This is an immensely political question which has really nothing at all to do with technology.
As a user of the internet and of Google, I do wonder, day in and day out, about the power of the information they’re accumulating. These topics–the competitive landscape and the right to be forgotten –merely scratch the surface of many other issues we should be thinking about.
When I put my address in Google and I can see my house, then and there, it worries me. When I put my name in it and realize how much they know about me, it scares me. The amount of information about “us”companies the likes of Google are accumulating is misunderstood, at best, and in my books, information equates power. Today Google is a “nice”company, eager to comply with the laws, be green, relaxed and do the right thing. But things change –a simple change of powers within the company could change this attitude; and suddenly, we may find ourselves with a private company that has more information about us than the NSA does. And since it’s a private corporation, there are no House committees that can be called upon for a government review. Who will tell Google how they can or cannot use that information? Who will police their activities
We need to start, today, to set some limits as to how this information is and can be used.
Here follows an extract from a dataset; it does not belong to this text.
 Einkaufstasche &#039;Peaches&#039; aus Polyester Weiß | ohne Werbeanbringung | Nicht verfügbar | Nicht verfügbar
We may discuss a difference between corporations and individuals, private corporations and public ones, criminals or non criminals (watch out for witchhunts); but in the end, we must find a way to “watch”what data companies such as Google are collecting and, more importantly, what they’re doing with that information. Not just what they’re displaying as a result of our searches, but what else they’re already, or could potentially, be doing with it.
And yes, the results of a search have to be guaranteed to be fair and unbiased. A company like Google could easily influence our choices, our habits and even our political choices, by skewing the search results in one direction or another. They themselves may not even have realized yet the power they have; but think about it–China has banned Google and has created its own equivalent. Why do you think they’ve done that? Because they clearly recognize the power hidden (or not so anymore) in the results of a search, and how this can easily sway public opinions in any direction.
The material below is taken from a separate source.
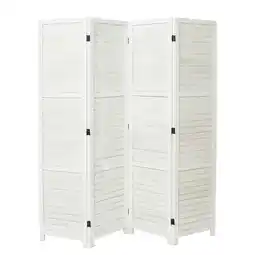 Tesco Living and Home Solid Wood Folding Room Divider Privacy Screen for Home - 4 Panels offer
So should Google be regulated as a public utility? If this means in economic terms, I’m not so convinced. I don’t think we should be involved in what the market is willing to pay for an ad on Google or Bing.
But if this means how they should be returning the search results; if it means that they must be fair and give space to everyone –then I think we should put serious considerations into that thought, because we want to avoid, from the onset, the possibility that companies like Google may be able to swing results in ways that favor them, before we lose control over the whole issue altogether.
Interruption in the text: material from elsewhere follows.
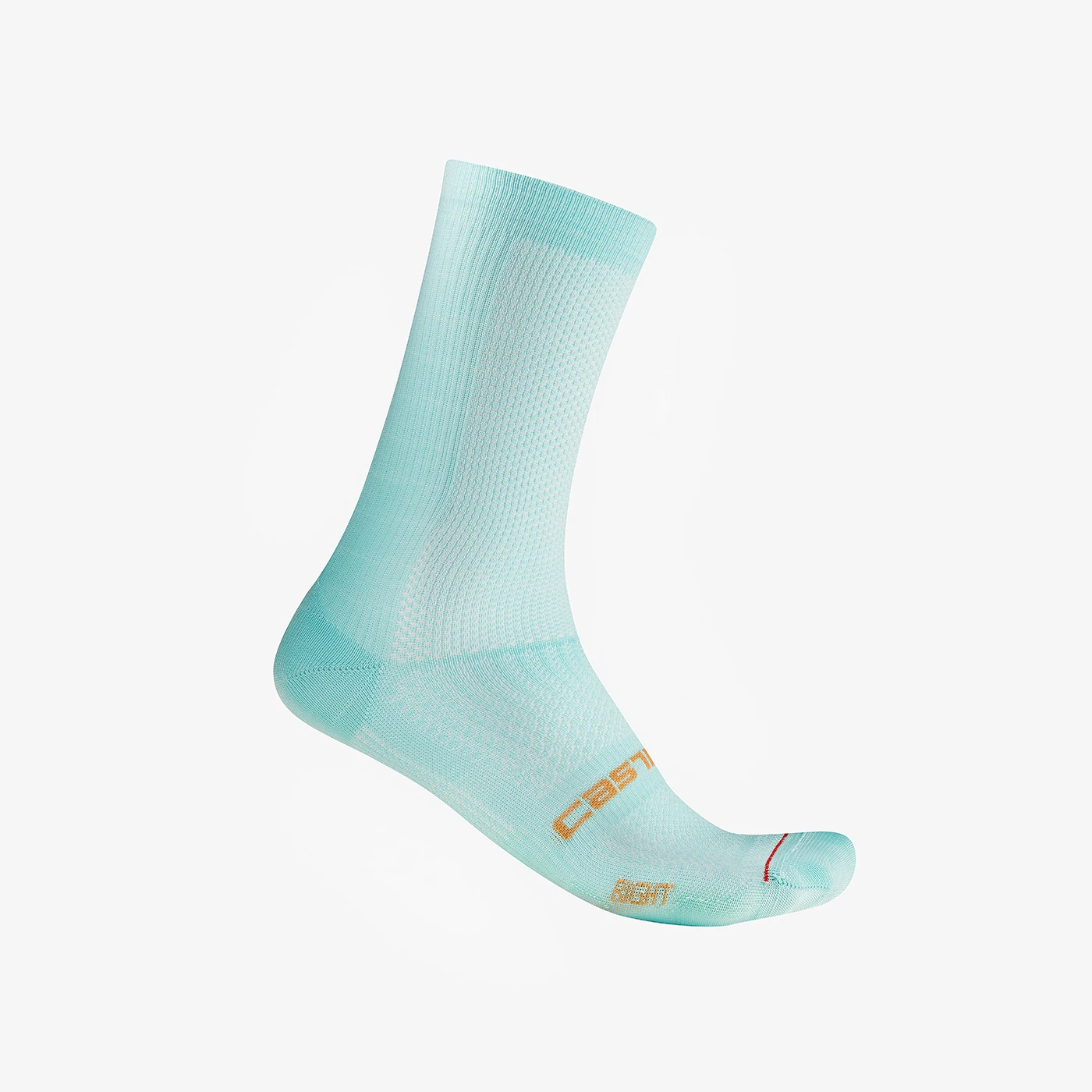 Sosete Castelli Espresso 18, unisex, albastru piscina, L XL, 40-43 Albastru Piscina, 40-43 - 111458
Before they start moving results in favor of politicians who might be willing to “close an eye”, and we find ourselves with a government structured by Google! Sounds dramatic? I don’t think it’s that far from the truth, really. Might not be today’s Google; but, as I said above, things –and people – change over time. And Google isn’t a live entity; it’s a corporation, whose behavior and actions are dictated by those who run the corporation, humans. And humans often succumb to the lure of power.
I’m very glad that Europeans are already understanding the dangers. Here in the US, we seem to be too trusting, and too eager to empower. Europeans have already witnessed, throughout the centuries, what this might lead to. And they aren’t willing to repeat it any time soon.
Perhaps we should learn from them, adopt a more cautious and watchful stance. Not just of the NSA, but also of those private corporations that are so large that they can, quite literally, control our lives.